14/04/2015

Yesterday, I used the newly-upholstered tractor for the first time in order to fetch some more firewood (mainly small trees which had blown down). The seat is indeed more comfortable, but the angle isn’t right; one is leaning forwards all the time. Obviously some more fettling needs to be done, which means the entire thing has to come out again. This I am NOT looking forward to. I think it may well be easier to remove the cab from the tractor, and working on the seat in situ.

Today we got another two hens, bringing the total to 16. This was totally unplanned. You see, one of LSS’s adult pupils had three hens, but wanted a goose. As their space is limited, her husband told her if she got a goose, two of the hens had to go. So they ended up here. The other 14 don’t seem to mind. I don’t think hens can count. “One, more-than-one” is probably their limit. The two newbies soon settled in.

I have discovered another large aspen which the wind has uprooted, so it seems as though I may need yet another woodshed.

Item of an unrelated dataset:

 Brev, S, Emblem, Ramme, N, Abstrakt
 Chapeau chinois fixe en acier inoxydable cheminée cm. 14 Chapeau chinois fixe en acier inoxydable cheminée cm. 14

The garage building was beginning to look like it belonged somewhere in the jungles of Borneo. Some ivy had taken root at the rear wall and had been left unchecked for years. It had reached the stage where the roof of the building was starting to disappear under a verdant green canopy, and shoots were even entering the building under the tiles, trailing down towards the floor. There were also three grapevines which a previous owner had planted; and these had completely taken over as well. Unfortunately the grapes are rather astringent, so are not that good for eating. We did make some wine a year or two ago but that wasn’t very nice either. Well, LSS spent most of the afternoon up a ladder, pruning. The walls (and obviously the roof) of the building are once again visible. The only down-side of this is the huge pile of ivy-and-grapevine clippings which need to go through the wood chipper. Mind you, we’ve found that piling wood-chips underneath the hen roosts make cleaning out the chicken shed that much easier. Nothing is wasted if we can help it!

Today was the fourth day in a row in which we have not had to light the boiler stove. The lovely cloudless conditions mean that the solar thermal panel is heating the water in the thermal store to around 60 degrees with no other input necessary.